Malnutrition or undernourishment is a major problem in Nepal. The country has one of the highest percentages of undernourished and stunted children. According to the child growth standard chart developed by WHO in 2006, the undernourished children suffer from slow mental growth. This is due to the fact that 80 percent of the brain is and developed within two years of age. Mothers at the health post say that they cannot give their children anything else than rice, potatoes, and occasionally some spinach and apples in season. Milk is a luxury as livestock cannot survive in the cold of Jumla.

Jumla is at an altitude of 2370 metres and not much grows there. It is one of the most deprived and
disadvantaged districts of Nepal . The local people toil hard in the field but the yield is very low. Between
April-May 2009, 365 children under the age of five were weighed for signs of malnutrition in Chandanath
village and 49 were found to be severely undernourished while more than half were below the safe line.
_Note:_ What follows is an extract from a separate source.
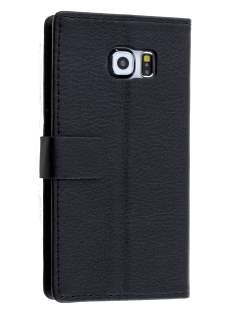 Slim Synthetic Leather Wallet Case with Stand for Samsung Galaxy S6 Edge - Classic Black Leather Wallet Case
There are only 9 health posts for 30 villages which makes it difficult for children to be checked on a regular
basis.

Under the auspices of UNDP/SNV Localization of Millennium Development Goals (MDGs) project,
the Jumla DDC has now allocated budget in their district development plans and programmes to provide
better health services and reduce malnutrition. It has also compiled the data which includes the number of
malnourished children in all 30 villages of the district. The project started in 2007 in Jumla along with five other districts.